TASK TO CARRY OUT:
Each line of the material below needs to be returned exactly as written.

━━━━━━━━━━

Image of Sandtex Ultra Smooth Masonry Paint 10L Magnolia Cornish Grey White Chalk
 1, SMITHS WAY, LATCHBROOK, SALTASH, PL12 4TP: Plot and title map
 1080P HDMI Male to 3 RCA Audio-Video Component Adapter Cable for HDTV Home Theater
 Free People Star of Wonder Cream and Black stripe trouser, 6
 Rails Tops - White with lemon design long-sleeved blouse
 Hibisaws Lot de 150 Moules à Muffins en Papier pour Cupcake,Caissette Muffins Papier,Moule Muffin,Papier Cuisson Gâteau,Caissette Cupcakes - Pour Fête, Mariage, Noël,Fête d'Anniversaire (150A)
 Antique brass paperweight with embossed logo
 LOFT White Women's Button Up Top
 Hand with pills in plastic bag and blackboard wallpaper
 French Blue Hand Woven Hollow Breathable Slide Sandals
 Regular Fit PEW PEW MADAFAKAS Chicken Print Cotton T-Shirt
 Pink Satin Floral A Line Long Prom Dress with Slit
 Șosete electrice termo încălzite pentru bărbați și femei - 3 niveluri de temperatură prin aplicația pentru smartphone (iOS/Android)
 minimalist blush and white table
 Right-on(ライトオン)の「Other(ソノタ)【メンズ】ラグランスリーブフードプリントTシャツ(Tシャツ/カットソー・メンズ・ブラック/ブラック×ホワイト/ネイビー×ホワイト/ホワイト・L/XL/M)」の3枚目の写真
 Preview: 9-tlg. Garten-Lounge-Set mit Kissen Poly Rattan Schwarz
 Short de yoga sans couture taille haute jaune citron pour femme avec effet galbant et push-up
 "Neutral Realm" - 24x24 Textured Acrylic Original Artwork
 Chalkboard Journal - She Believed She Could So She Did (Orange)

━━━━━━━━━━

RESULT FOR THIS EXERCISE:
Image of Sandtex Ultra Smooth Masonry Paint 10L Magnolia Cornish Grey White Chalk
 1, SMITHS WAY, LATCHBROOK, SALTASH, PL12 4TP: Plot and title map
 1080P HDMI Male to 3 RCA Audio-Video Component Adapter Cable for HDTV Home Theater
 Free People Star of Wonder Cream and Black stripe trouser, 6
 Rails Tops - White with lemon design long-sleeved blouse
 Hibisaws Lot de 150 Moules à Muffins en Papier pour Cupcake,Caissette Muffins Papier,Moule Muffin,Papier Cuisson Gâteau,Caissette Cupcakes - Pour Fête, Mariage, Noël,Fête d'Anniversaire (150A)
 Antique brass paperweight with embossed logo
 LOFT White Women's Button Up Top
 Hand with pills in plastic bag and blackboard wallpaper
 French Blue Hand Woven Hollow Breathable Slide Sandals
 Regular Fit PEW PEW MADAFAKAS Chicken Print Cotton T-Shirt
 Pink Satin Floral A Line Long Prom Dress with Slit
 Șosete electrice termo încălzite pentru bărbați și femei - 3 niveluri de temperatură prin aplicația pentru smartphone (iOS/Android)
 minimalist blush and white table
 Right-on(ライトオン)の「Other(ソノタ)【メンズ】ラグランスリーブフードプリントTシャツ(Tシャツ/カットソー・メンズ・ブラック/ブラック×ホワイト/ネイビー×ホワイト/ホワイト・L/XL/M)」の3枚目の写真
 Preview: 9-tlg. Garten-Lounge-Set mit Kissen Poly Rattan Schwarz
 Short de yoga sans couture taille haute jaune citron pour femme avec effet galbant et push-up
 "Neutral Realm" - 24x24 Textured Acrylic Original Artwork
 Chalkboard Journal - She Believed She Could So She Did (Orange)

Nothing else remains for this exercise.